The first-year beds we dug weren’t as fantastic as Akiva Silver’s. He can pull out weeds with big tap roots by hand. Indeed, this is an experience that I can confirm from my nuclear family’s mulched flower beds. (Laurelin and I didn’t grow up with the idea that ecological horticultural principles can also be applied to (commercial) crop production.) But, I like to think that the beds were exactly the right depth and the right breadth for this first-year experiment. Perhaps even more importantly: the tree beds are in the right place: in the middle of the Portugese property where the trees will have to grow, not all the way across the Atlantic, in New York.
Small-scale.
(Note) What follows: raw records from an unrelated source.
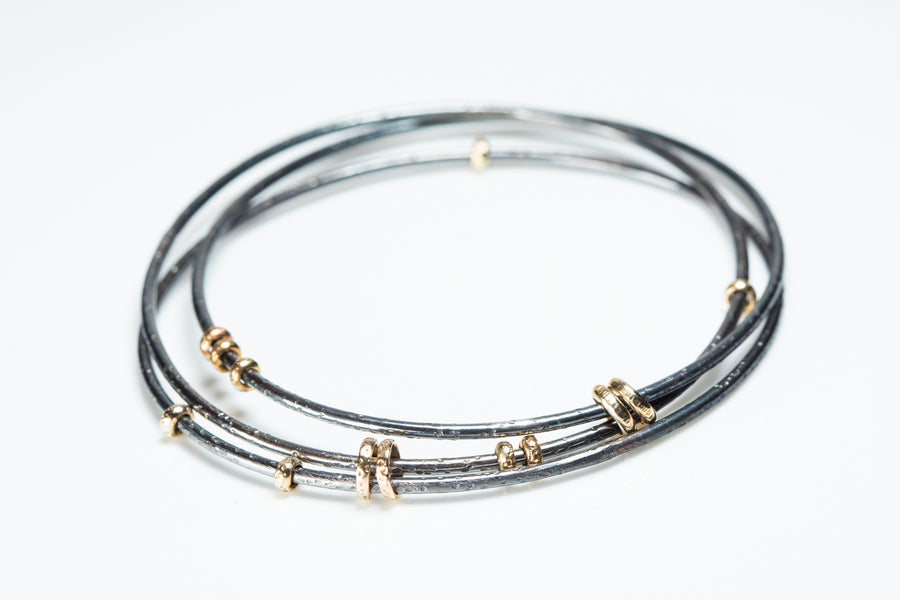 Interlocking Sterling and Gold Bangle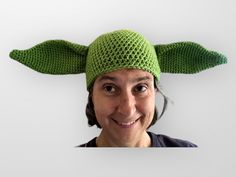 a woman wearing a crocheted yoda hat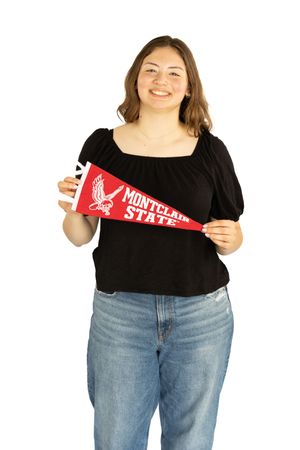 Smiling young woman holding a red Montclair State University pennant, wearing a black top and jeans on white background. Senior Portaits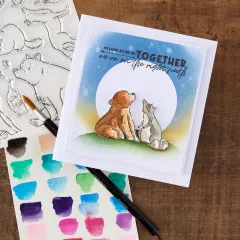 Anwendungsbeispiel: aquarellierte Bär-und-Wolf-Szene neben Stempelbogen, Pinsel und Aquarellfarbpalette.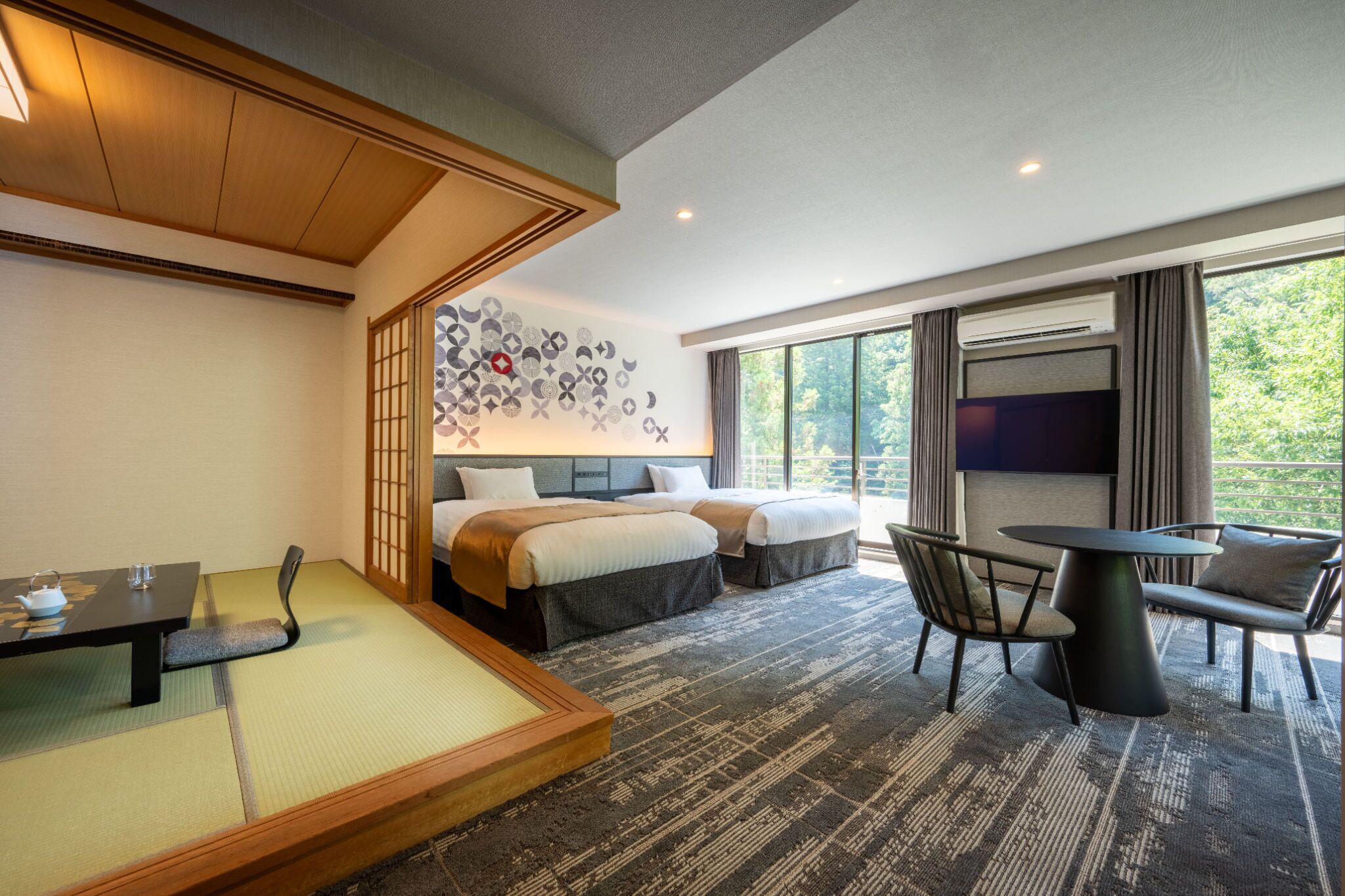 Habitación de hotel con zona de estar con esterilla de tatami tradicional, cama con dos almohadas, televisor y mesa de comedor con sillas.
Biome-specific.
Akiva grows his tree in a pretty cold climate. The winters in upstate New York (USA) are long, the growing season short. There’s around-the-year precipitation. Central Portugal is much dryer. Last summer’s hot drought extended into the end of November, and many of the Iberian Eucalyptus forests burned down in massive June and October forest fires. A chestnut genotype that does well in cold, wet Spencer, NY is likely a different genotype from one that does well in Portugal.
Spencer, NY, USA | Ponte de Pedra, PRT | |
---|---|---|
Elevation: | 389m | 330m |
Inclination: | sloped | sloped |
Annual precipation: | “a lot” | 400–1200mm |
Rain frequency: | “at least weakly” | very dry summers |
Growing season: | May–September | March–November |
Min. temparature: | -15°C | -5°C |
Max. temparature: | …°C | 40+°C |
Mean temparature: | …°C | 8–24°C |
As a total chestnut fanatic, Akiva has the remarkable luck of living at the same road as somebody who has spent 40+ years selecting chestnut variates from around the world for blight and cold resistance.
The chestnuts in Nils’ tree nursery all come from the local market in Cernache do Bonhardim and the acorns were gathered in various local forests. That’s plenty of biome-specificity for now. Then, when later this month (March, 2018), we will be clearing the charred (but already regenerating) Eucalyptus trees from their hillside, there will be plenty of space to experiment with and select for which varieties of chestnut, oak, walnut, hazelnut, and almond do best in a dry, warm environment. And last, but not least, there will be tons of delicious-smelling Eucalyptus wood chips with which the nursery’s bed can be made so much looser and softer.